In some cases, revalidation is necessary, such as when an opaque color is changed to a transparent color. However, the algorithm to render one opaque color is the same as rendering any other opaque color on a particular destination. So replacing one opaque color with another should not invalidate a pipeline. The implementation now only invalidates the pipeline when an attribute is changed to a different type of value, rather than when an attribute is changed to a different value of the same type.

Benefits of New Pipeline

The changes in the new pipeline architecture have improved all areas of Java 2D and other APIs that use Java 2D, not only in terms of performance but also in terms of rendering quality and reliability.

More Reliable Rendering

The more intelligent data caching and code reuse available in the new pipeline architecture have resulted in more reliable rendering in many areas, including:

Rendering text that has attributes
Drawing lines with large scale factors
Performing copyAreaoperations

Rendering Text That Has Attributes

The Java 2D font engine produces either a bitmap or an outline path from a glyph. The font engine can cache a bitmap in the bitmap glyph cache but cannot cache an outline path. If the text is small, copying glyphs from the cache to the destination is a lot faster than rendering the glyphs using an outline path, and the quality of the rendering is also better. When the glyphs are large, the quality and the rendering performance gains are less noticeable when using a cached bitmap. In the old architecture, the implementation rendered solid text from the glyph cache bitmap unless the text had rendering attributes, in which case it used the outline path pipeline. Not only was this process slow, but it also produced inconsistent results. For example, if the opaque color was changed to a gradient, the implementation had to switch from the bitmap pipeline to the outline path pipeline to render the text. If this pipeline switch occurred while a program was running, the text appeared to jiggle because of the sudden change in text quality.

In the new architecture, a more predictable heuristic is used to determine when the bitmap pipeline or the outline path pipeline should be used. If the text is smaller than a certain size, the implementation renders it from the glyph cache bitmap regardless of what rendering attributes the text is rendered with. If the text is as large or larger than the threshold size, the implementation uses the outline path pipeline, which produces about the same performance as the bitmap pipeline because larger text would require more memory allocation in the cache without much of an improvement in quality.

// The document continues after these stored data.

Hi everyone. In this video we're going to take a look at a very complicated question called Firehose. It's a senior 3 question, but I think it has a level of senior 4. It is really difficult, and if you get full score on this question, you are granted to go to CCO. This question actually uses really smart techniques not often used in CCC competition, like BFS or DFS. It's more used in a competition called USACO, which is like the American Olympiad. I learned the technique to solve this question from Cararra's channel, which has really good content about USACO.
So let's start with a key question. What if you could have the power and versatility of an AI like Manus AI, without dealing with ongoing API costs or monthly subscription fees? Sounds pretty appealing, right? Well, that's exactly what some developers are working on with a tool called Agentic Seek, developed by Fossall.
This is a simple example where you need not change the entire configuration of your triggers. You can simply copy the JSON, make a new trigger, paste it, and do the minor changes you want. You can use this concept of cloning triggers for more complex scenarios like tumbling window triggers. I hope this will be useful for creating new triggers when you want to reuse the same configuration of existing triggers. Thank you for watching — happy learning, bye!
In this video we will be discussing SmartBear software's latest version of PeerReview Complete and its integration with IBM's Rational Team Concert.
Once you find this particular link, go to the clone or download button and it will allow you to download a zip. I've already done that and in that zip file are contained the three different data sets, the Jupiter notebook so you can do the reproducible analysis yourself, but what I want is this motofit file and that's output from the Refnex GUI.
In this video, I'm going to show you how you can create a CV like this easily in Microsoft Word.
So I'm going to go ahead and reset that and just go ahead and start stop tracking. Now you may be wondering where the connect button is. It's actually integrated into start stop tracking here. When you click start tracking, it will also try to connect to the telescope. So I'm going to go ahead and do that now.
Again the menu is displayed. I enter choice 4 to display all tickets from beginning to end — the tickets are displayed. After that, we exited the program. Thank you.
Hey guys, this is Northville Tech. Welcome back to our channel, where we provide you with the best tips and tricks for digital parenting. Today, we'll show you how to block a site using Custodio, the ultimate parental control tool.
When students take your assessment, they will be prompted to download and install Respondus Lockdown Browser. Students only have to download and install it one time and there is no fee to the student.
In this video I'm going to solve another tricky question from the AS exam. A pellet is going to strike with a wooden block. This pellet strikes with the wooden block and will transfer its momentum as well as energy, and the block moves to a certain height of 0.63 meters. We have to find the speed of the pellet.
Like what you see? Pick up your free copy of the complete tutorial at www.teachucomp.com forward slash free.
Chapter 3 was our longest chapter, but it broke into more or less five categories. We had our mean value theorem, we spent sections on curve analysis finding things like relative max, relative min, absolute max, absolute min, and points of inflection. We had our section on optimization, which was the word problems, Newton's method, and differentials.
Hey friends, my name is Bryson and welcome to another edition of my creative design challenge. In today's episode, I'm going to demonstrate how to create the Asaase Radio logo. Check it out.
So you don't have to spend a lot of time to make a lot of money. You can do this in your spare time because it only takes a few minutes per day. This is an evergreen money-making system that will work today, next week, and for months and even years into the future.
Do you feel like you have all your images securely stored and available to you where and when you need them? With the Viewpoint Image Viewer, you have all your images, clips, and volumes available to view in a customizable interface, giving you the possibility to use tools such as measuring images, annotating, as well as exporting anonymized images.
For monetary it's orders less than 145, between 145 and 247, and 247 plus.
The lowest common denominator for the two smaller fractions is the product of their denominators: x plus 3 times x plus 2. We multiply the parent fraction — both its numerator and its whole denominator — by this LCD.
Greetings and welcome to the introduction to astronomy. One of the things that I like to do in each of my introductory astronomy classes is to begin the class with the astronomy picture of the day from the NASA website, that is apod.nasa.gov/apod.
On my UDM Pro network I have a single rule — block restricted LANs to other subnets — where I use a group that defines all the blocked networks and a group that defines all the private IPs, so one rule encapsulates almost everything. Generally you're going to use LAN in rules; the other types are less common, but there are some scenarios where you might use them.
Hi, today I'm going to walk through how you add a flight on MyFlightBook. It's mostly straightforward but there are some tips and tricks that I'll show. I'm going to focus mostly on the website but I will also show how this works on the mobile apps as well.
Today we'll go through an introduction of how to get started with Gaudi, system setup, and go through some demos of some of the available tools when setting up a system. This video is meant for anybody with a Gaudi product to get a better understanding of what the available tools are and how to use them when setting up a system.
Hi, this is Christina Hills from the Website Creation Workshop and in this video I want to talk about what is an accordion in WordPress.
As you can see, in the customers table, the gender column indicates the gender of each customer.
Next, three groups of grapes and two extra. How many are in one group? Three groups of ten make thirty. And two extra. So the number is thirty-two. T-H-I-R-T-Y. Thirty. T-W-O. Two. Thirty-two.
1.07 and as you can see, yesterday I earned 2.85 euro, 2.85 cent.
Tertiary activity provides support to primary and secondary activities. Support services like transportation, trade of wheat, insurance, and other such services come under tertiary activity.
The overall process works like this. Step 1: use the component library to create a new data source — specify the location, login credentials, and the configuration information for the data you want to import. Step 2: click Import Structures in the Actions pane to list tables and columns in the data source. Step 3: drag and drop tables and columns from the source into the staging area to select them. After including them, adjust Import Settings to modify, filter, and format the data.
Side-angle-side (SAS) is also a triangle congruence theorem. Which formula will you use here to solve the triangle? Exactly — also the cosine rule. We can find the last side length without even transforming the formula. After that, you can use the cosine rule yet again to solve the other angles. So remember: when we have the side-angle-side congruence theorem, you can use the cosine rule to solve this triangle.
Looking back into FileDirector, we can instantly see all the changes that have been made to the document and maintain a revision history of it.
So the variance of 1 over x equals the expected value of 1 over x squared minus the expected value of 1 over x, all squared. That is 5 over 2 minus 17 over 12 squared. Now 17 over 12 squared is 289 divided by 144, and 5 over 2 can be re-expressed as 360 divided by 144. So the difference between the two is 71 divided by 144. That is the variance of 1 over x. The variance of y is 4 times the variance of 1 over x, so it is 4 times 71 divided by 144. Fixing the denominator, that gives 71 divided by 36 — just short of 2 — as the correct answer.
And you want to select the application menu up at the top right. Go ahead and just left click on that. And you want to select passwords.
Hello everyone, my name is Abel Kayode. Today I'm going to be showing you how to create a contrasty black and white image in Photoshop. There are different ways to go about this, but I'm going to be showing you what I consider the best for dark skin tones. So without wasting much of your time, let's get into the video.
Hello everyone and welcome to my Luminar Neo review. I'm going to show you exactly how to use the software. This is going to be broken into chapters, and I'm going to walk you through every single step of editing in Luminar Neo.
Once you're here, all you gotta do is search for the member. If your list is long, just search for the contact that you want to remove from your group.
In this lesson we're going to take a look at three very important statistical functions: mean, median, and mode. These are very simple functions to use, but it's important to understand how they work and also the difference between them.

Drawing Lines With Large Scale Factors

Drawing lines with large scale factors produced integer overflows when the internal code to render the lines tried to represent the lines as integers. If these numbers fell outside the 16-bit range, the code would go into an infinite loop trying to clip the lines. This problem has been resolved, and now Java 2D can handle arbitrary scale factors.

Performing `copyArea` Operations

Many copying routines have been improved by eliminating the use of an intermediate buffer. In particular, the copyArea operation, which involved an overlapping source and destination, such as used in Swing scrolling components, can often be performed in place rather than relying on an intermediate buffer. Avoiding an intermediate buffer means less memory allocation and garbage collection is needed.

The new image-scaling operations also avoid extra copying by bypassing an intermediate buffer. Now DirectDraw scale operations on Win32 and software scale operations on Solaris and Linux are able to blit the scaled image directly to the destination. Note that hardware-accelerated scaling is currently disabled on Win32 because of quality problems, but you can enable it with a runtime flag .

Image Scaling Performance Improvements

Rendering a scaled image using drawImage with a scale other than 1:1 was often much slower after JDK 1.1. The drawImage implementation created a scaled image in an intermediate buffer and then copied the buffer to the destination. The memory allocation required for the intermediate buffer and the extra copies to and from the buffer were two factors contributing to the performance degradation. Another reason for the performance loss was that any accelerated image-scaling operations available on the display hardware could not access the memory that stored the image data.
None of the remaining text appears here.